Making decisive victory over Daesh in Syria dependent on a national unity formula produced by negotiations in Geneva is the practical equivalent of deleting decisive victory as an objective. On the one hand there is no doubt that President Bashar Assad – the Warren Buffett of war crimes and barrel bomber-in-chief – is singularly unqualified to pose, much less perform, as a unifying figure. On the other hand, however, Russia – after taking the measure of the West – has conducted a brutal, sometimes hospital-centric aerial campaign that has enabled Iranian-organized foreign fighters and Assad’s moribund army to make gains on the ground in the Aleppo area.
It is difficult to see how these advances will dispose Assad to step aside for the sake of anti-Daesh national unity.
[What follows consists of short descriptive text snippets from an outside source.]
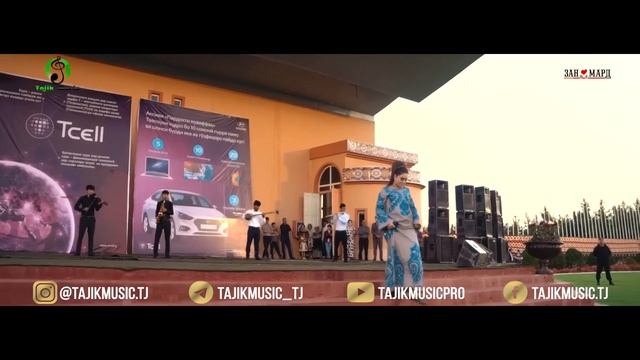 Нишонаи Рустам - Шоу консерт дар шахри Кулоб
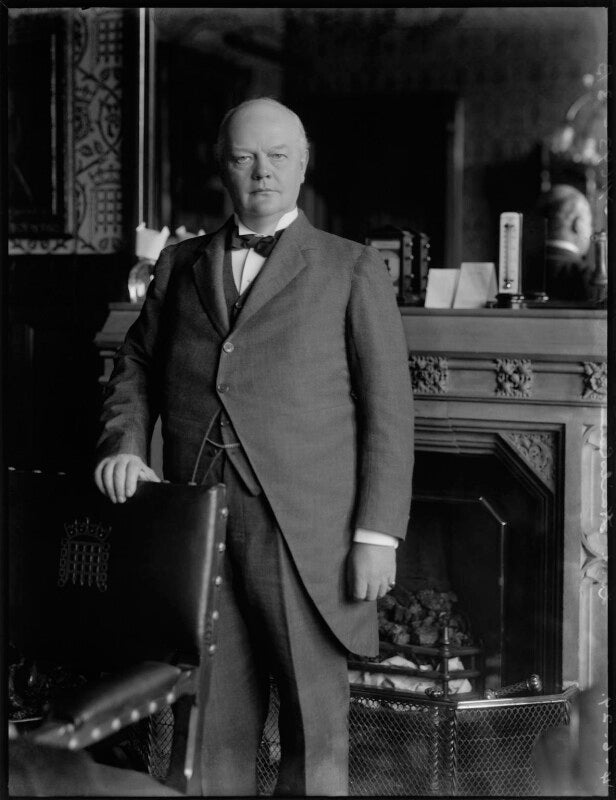 Douglas mcgarel hogg, 1st viscount hailsham npg x124600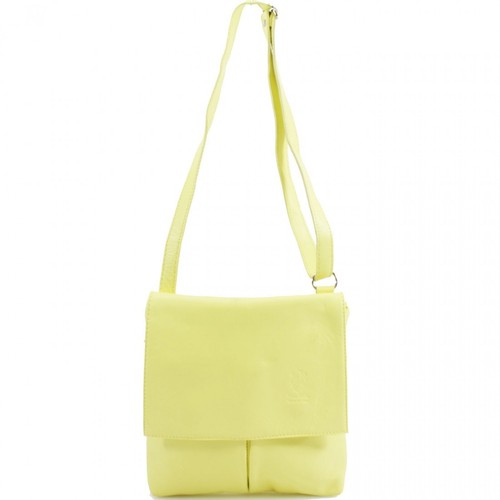 Vera Pelle VP-C818 Borsa a tracolla donna in pelle morbida donna messenger - Foto 17 di 32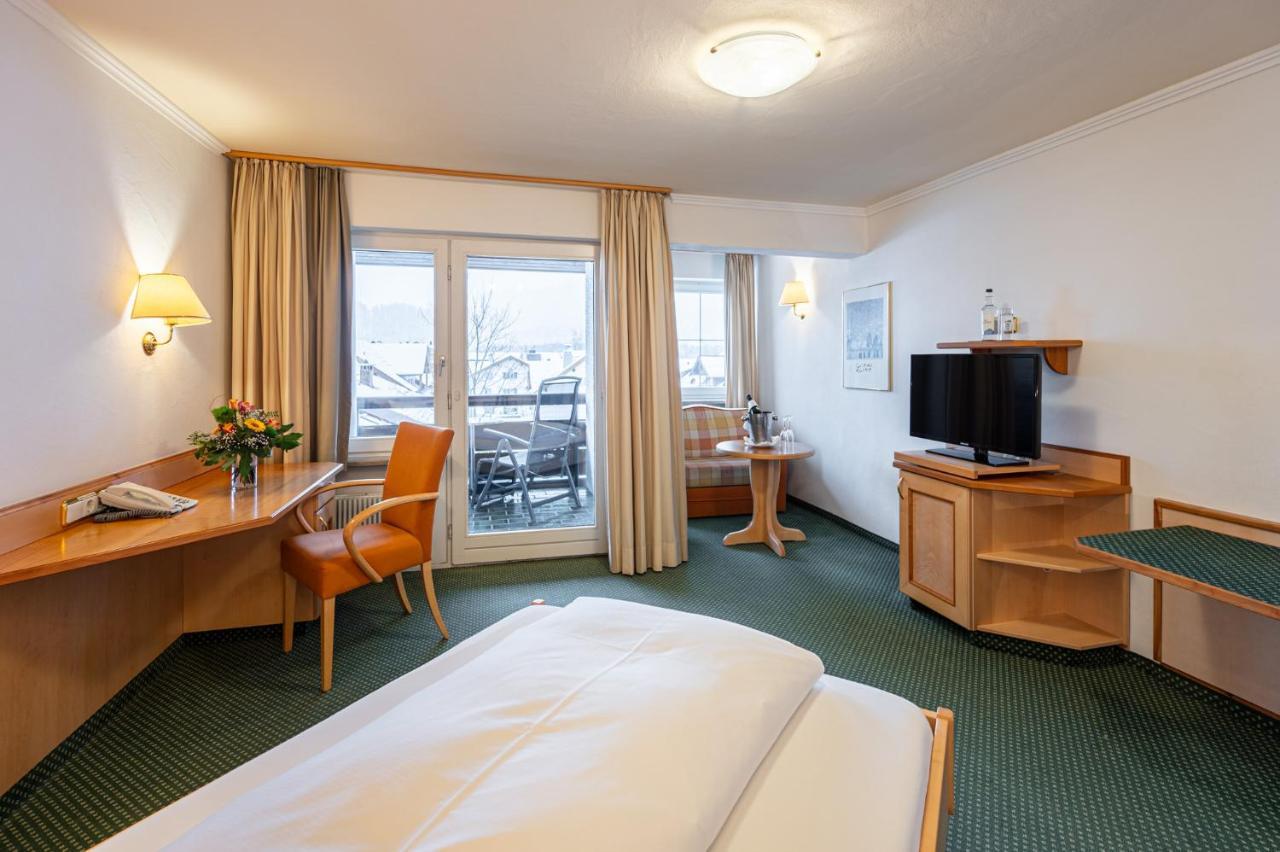 Hotel Filser Оберстдорф Екстериор снимка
Unless Moscow abandons its goal of forcing Washington into collaborating with Assad against Daesh – an action President Vladimir Putin will portray to his countrymen as Russia’s glorious defeat of American regime change and democratization pretensions – the promised land of Assad-free national unity will remain an empty talking point.
Moving with dispatch on the ground to kill Daesh in Syria is essential. Even if the effort requires significant American “skin in the game,” surely Obama can make the requisite case to the American people. The case might be much easier to make if Daesh were to do a Paris-like operation in Cedar Rapids or Biloxi. But if that kind of operation is possible, why wait?
Although moving against Daesh now would do no inevitable harm to the Vienna-Geneva diplomatic process in whose basket the Obama administration has placed nearly all of its eggs, it would definitely shake things up. Russia, Iran and the Assad regime would, to be sure, be outraged and disappointed by an American-led ground force killing Daesh in Syria. All three see the continued well-being of the false caliph as essential to the rehabilitation of Assad, his colleague in crime. Although the current pause in high-tempo aerial operations by Russia may be inspired in part by Putin’s realization that he was destroying the credibility of his Western apologists and instead delivering a declaration of a renewed Cold War, a decisive ground operation against Daesh could inspire him to renew his Chechnya-like terror campaign in western Syria.
Whether or not a decisive, American-led move against Daesh in Syria is actually undertaken, relying on the decency of Putin and his Iranian and Syria allies to protect Syrian civilians from mass murder should no longer be a feature of Western policy. If the slaughter resumes, Russian pilots should be forced to deal with ground-based air defense, and the Assad regime should feel the impact of stand-off weaponry impacting on helicopters and air bases.
Again: The reduced tempo of Russian and regime air operationsmay reflect a fundamental strategic shift, albeit one still aimed at perpetuating Assad and forcing Obama into a partnership with him. Yet mass homicide may well return to the fore. And surely no one – certainly not American NATO allies – will continue to pretend that what happens in Syria stays in Syria: that somehow this massive effort to terrorize and eradicate human beings can somehow be contained.
Indeed, while the relative quiet holds, the civilized world must bring pressure to bear on Assad and his allies to lift sieges and to allow U.N. humanitarian relief personnel to go where they want to save lives. This is fundamental. Getting Syrian civilians off the bull’s-eye is essential: There will be no worthwhile diplomatic process without it. Do Russia, Iran and Assad want one? Their actions will tell the story.